== WHAT TO DO ==
Pictures aside, reproduce exactly each line from the one holding "A Northern Goshawk" through the last line of the material, both ends included.

DATA SHOWN below:

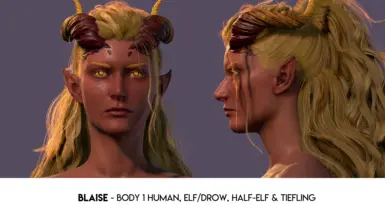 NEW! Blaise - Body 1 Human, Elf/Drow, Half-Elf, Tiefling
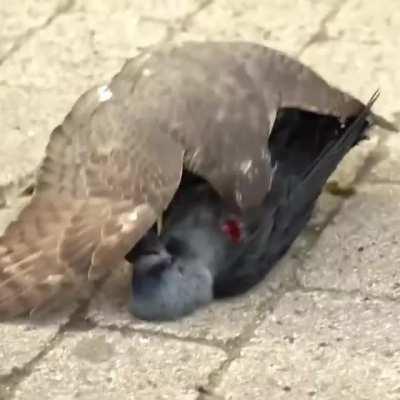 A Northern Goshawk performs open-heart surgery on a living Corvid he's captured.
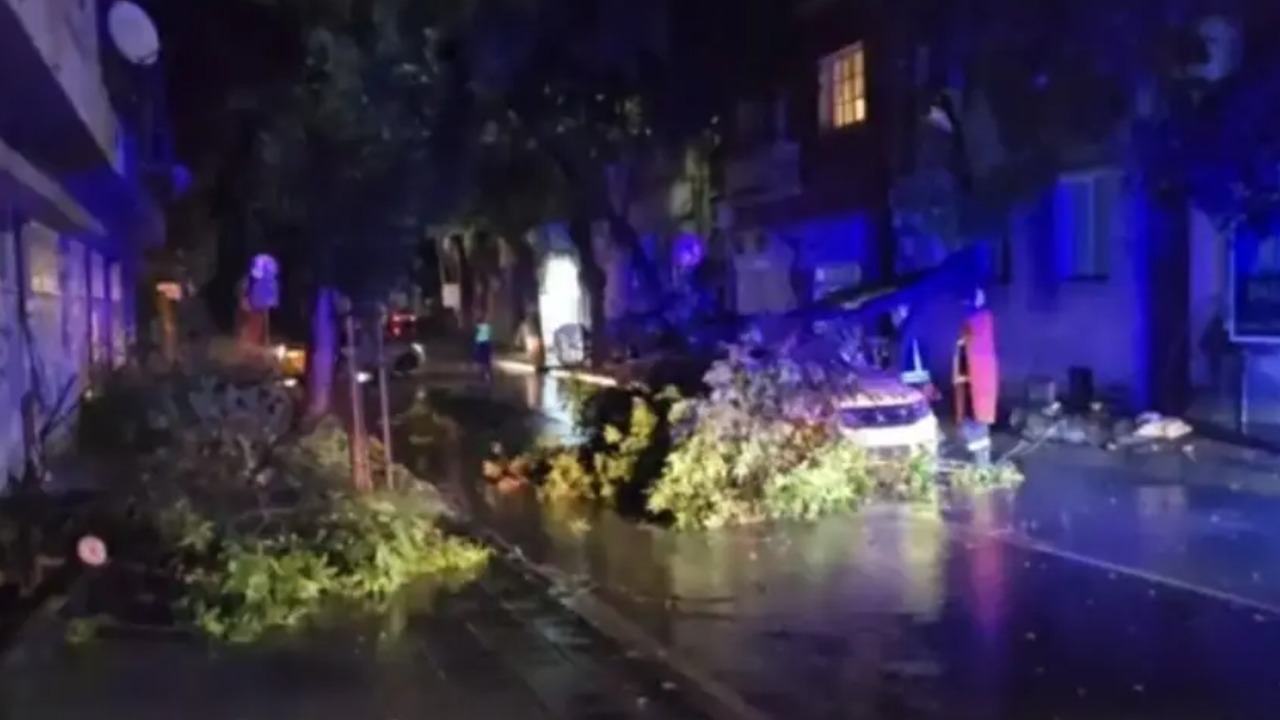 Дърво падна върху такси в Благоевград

End of DATA SHOWN.

== RESULT ==
 A Northern Goshawk performs open-heart surgery on a living Corvid he's captured.
 Дърво падна върху такси в Благоевград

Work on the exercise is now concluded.